Poprzednie częściUpadek Kasi - część 1

Upadek Kasi - część 2

Minęło ładnych parę miesięcy. Sprawa upadku Kasi nadal jednak nie została do końca rozwiązana. Któregoś dnia, dziennik „Wieści z pleśni” opublikował sensacyjny materiał. Reporter, powołując się na wiarygodne źródła donosił, że dziewczyna była pod wpływem alkoholu. Wywołało to prawdziwą burzę w mediach. Dziennikarz Zenon K. nie mógł opędzić się od innych swoich kolegów po fachu.

– Skąd ta informacja? – pytano.

– Co piła Kasia?

– Czy to było wino Mordaka?

– Dlaczego nadzorujący gonitwy za motylami, nie sprawdził dziewczyny?

Stacja WSI dopadła Kasię przed jej domem.

– Prosimy o komentarz w sprawie ostatnich wiadomości.

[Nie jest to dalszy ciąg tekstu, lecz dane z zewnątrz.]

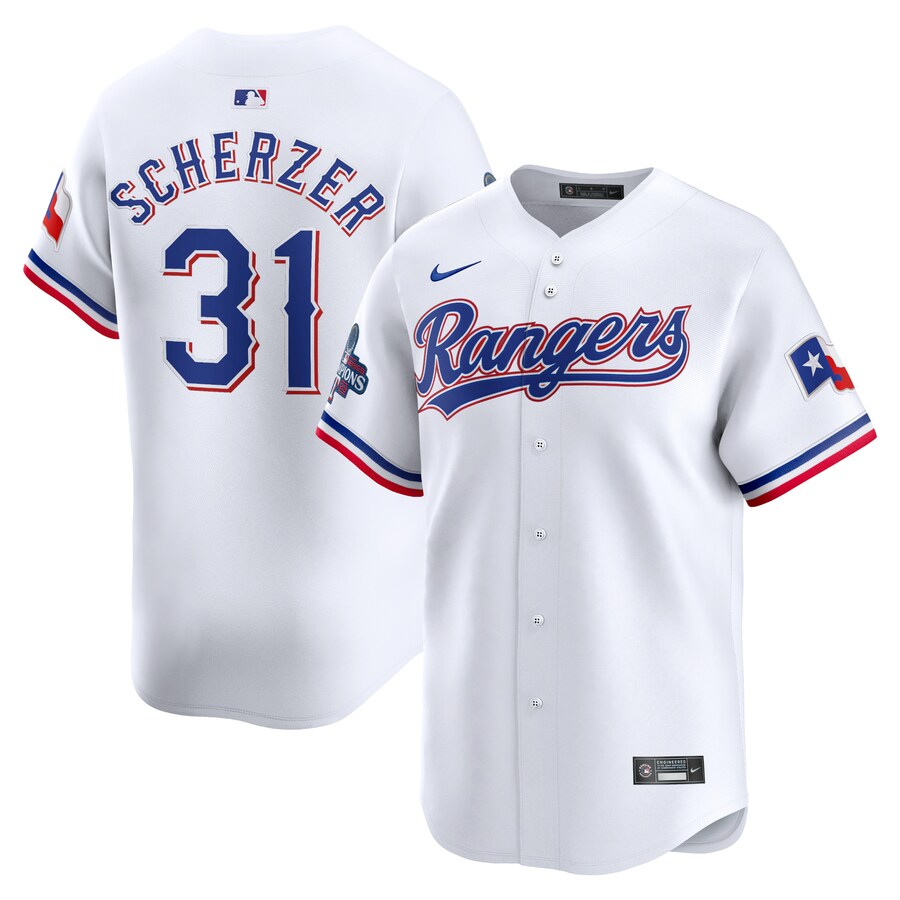 Men's Texas Rangers Max Scherzer Nike White Home 2023 World Series Champions Limited Jersey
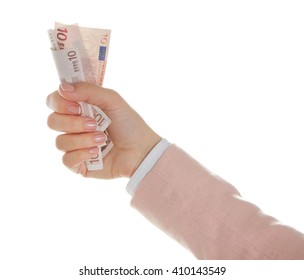 Female hand with money isolated on white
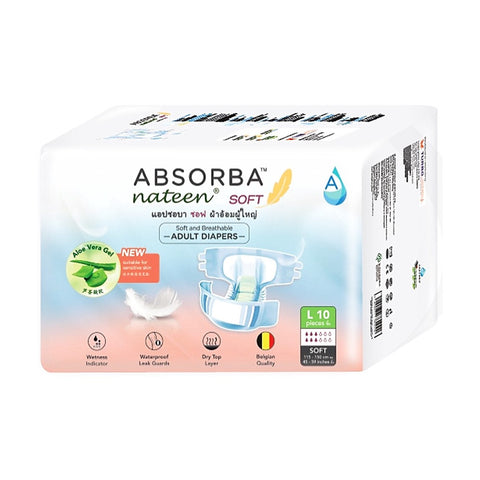 Absorba Nateen Soft Adult Diapers L Size (10's)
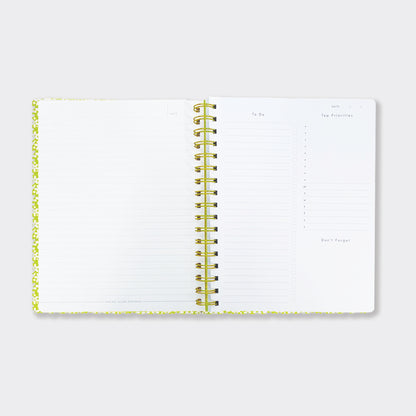 200-Page Lined Wiro-Bound  - Floral Planner With Lists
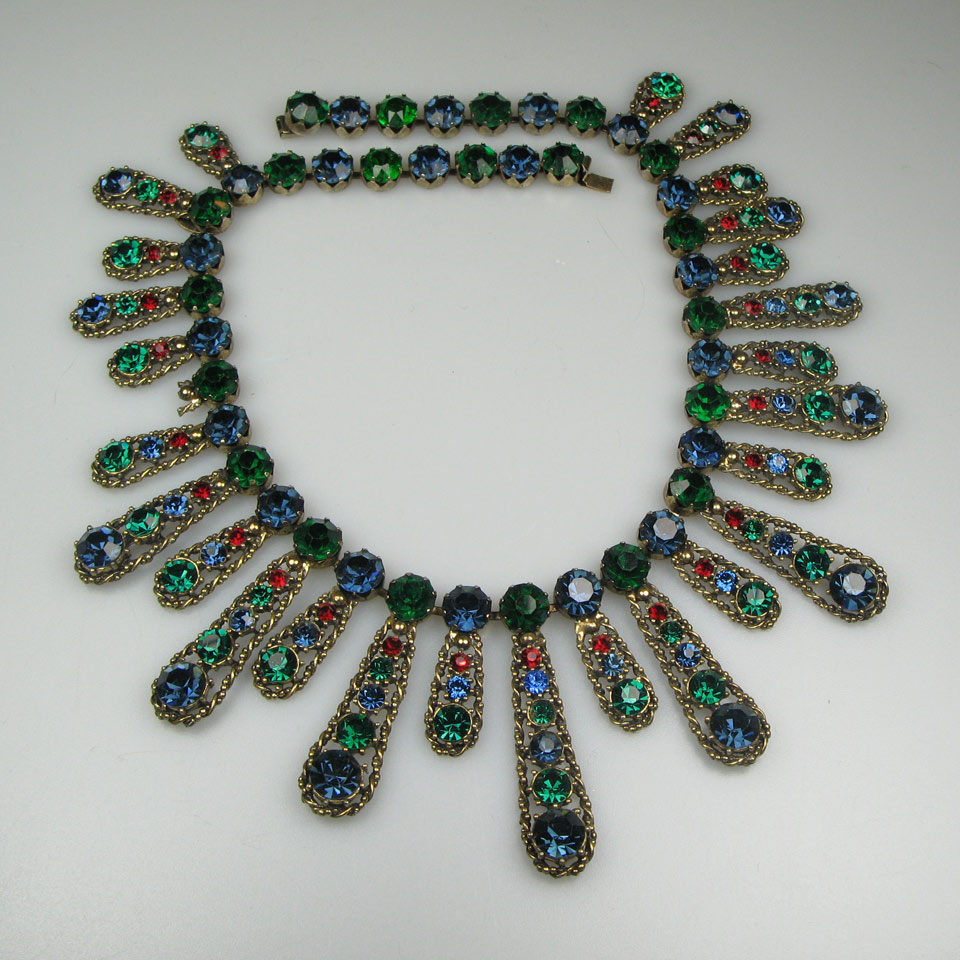 Appraisal: Marcel Boucher Le Couture Line Fringe Necklace set with rhinestones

– Ale o co chodzi? – zapytała dziewczyna.

– Czy piłaś alkohol?

– Od kiedy na ty? – zapytała z oburzeniem.

– Jesteś nieletnia.

– Jak to nieletnia? Mam przecież dwadzieścia lat.

– No dobra. Piła pani alkohol?

– Jaki alkohol?

– Ona jest pijana! – krzyknął inny dziennikarz.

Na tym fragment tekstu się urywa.